“Who do you work for?” is a common question in the Midwest where I grew up, but aside from the bad grammar (ending a question with a preposition–horrors!), I think it overlooks a more interesting and important question: for whom do you work? Yes, you might have an employer or client, but all that says is who provides you with a paycheck. Phrased that way, you’re really asking who (or what) motivates you to do what you do. The answer(s) you give say a lot about where you work and why.
My History of Motivations and Missions
When I was fresh out of college–and for several years after that–I was collecting a paycheck from the Walt Disney World Resort. The work itself wasn’t that great: merchandise host at Epcot, then front desk at what was then called Disney’s Dixie Landings Resort. The work was what was available, given my constraints:
- I had practically no work history, except a retail job up in the Chicago suburbs (Osco Drug).

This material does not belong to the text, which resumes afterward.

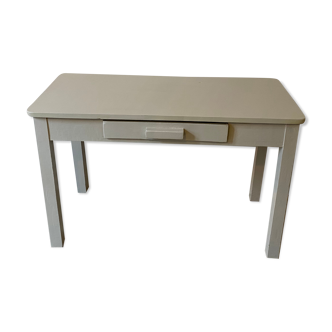 Table / desk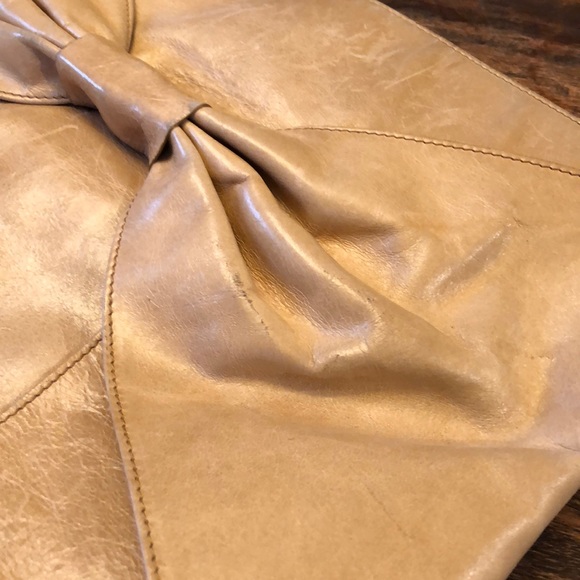 HOBO Shoulder Bag - Tan - Picture 4 of 9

- I wanted to live and work in Orlando, where it was sunny and warm, I was close to my dad and bonus mom, and I could go to the parks and have fun.
- I didn’t want a boring job.
I was collecting a paycheck from Disney; I was working for myself to the extent that I wanted to be happy and have fun after a chaotic four years at college. And while there were other opportunities here and there, there were few writing jobs. So while the work was boring and occasionally stressful (“We’ve got 1200 checking out and 800 checking in today; hope you’re ready to work a double”), it was in a location that suited my immediate needs, which were fun and warm weather.
Eventually I started getting jobs writing: first, answering guest complaint letters. I still wanted to live where it was fun, but now I was working to prove that I could be a good business writer. I was at least using my skills.
Sometime in the mid to late 1990s, I went to a space advocacy convention and found a purpose in life. I was going to work for the grand vision of human beings living and working in space. I decided to go back to school, pursuing a second bachelor’s degree in engineering before learning that I could get a master’s degree in technical writing and wouldn’t have to take more math or computer programming. With the degree in work, I also started doing technical writing for Disney. I was building my skills to show that I could add value to wherever I was until I could write for the space business.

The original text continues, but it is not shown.